Short descriptive text snippets:
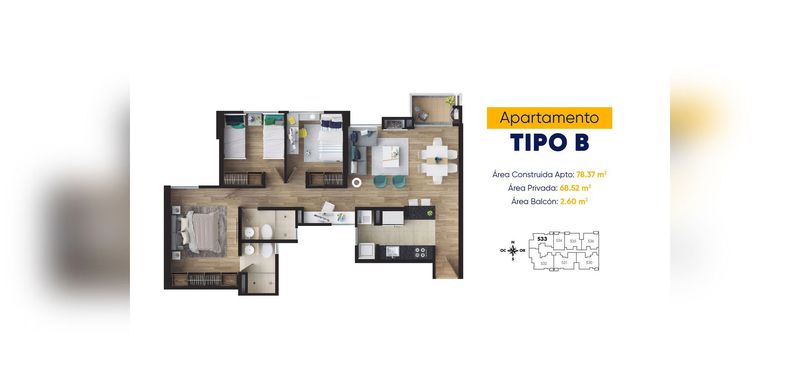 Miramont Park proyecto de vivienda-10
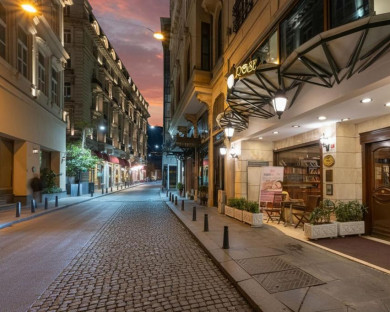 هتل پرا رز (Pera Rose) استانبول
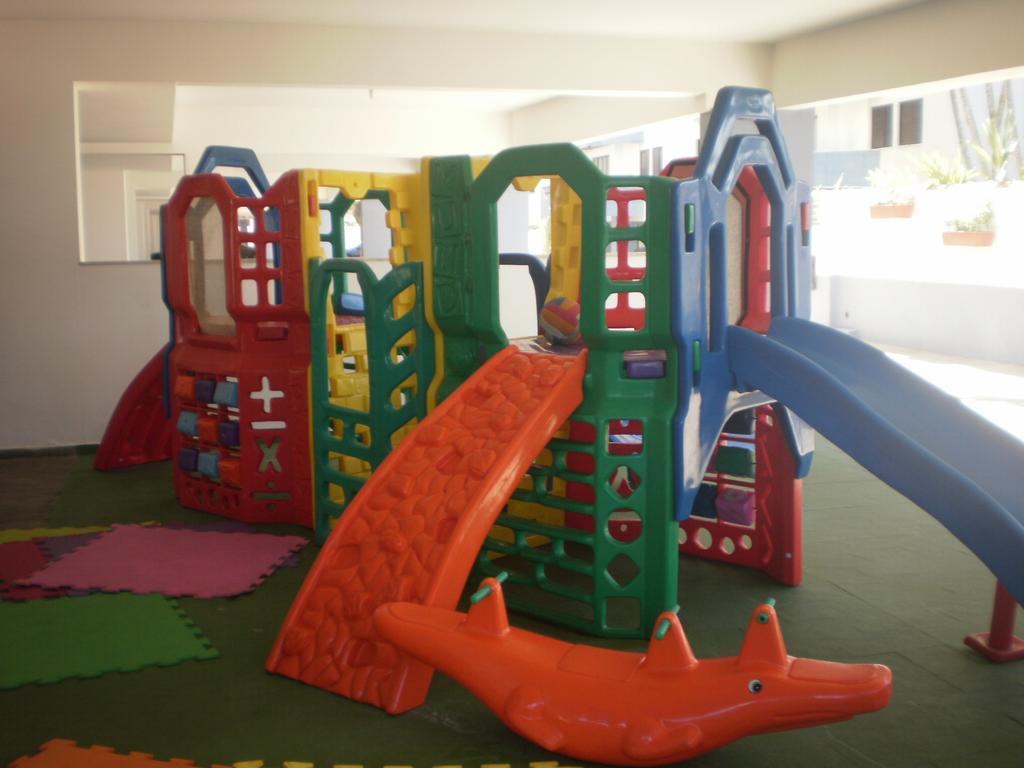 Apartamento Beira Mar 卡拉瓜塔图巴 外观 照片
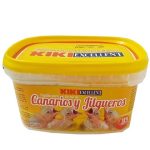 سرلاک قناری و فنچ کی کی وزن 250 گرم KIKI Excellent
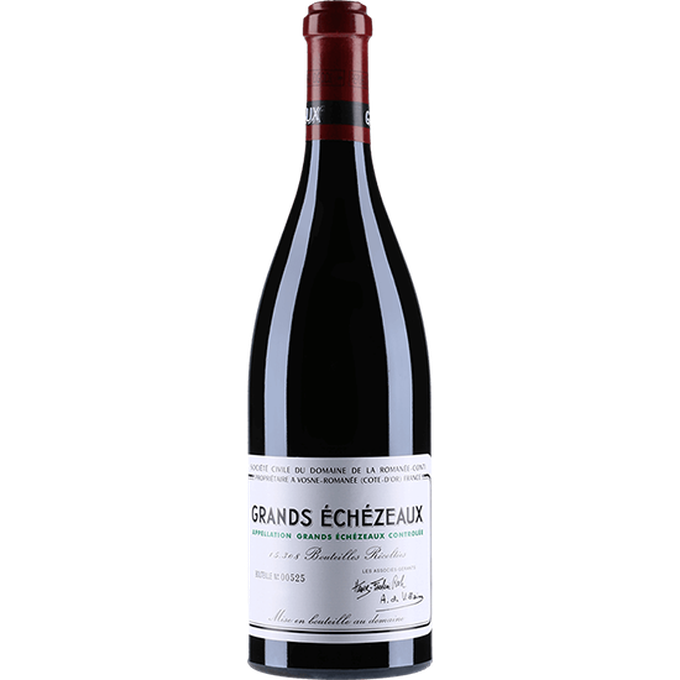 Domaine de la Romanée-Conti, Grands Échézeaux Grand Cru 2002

** What the task asks **
From the first line to the last, repeat the records exactly. Leave out the pictures.

** Solution for this task **
 Miramont Park proyecto de vivienda-10
 هتل پرا رز (Pera Rose) استانبول
 Apartamento Beira Mar 卡拉瓜塔图巴 外观 照片
 سرلاک قناری و فنچ کی کی وزن 250 گرم KIKI Excellent
 Domaine de la Romanée-Conti, Grands Échézeaux Grand Cru 2002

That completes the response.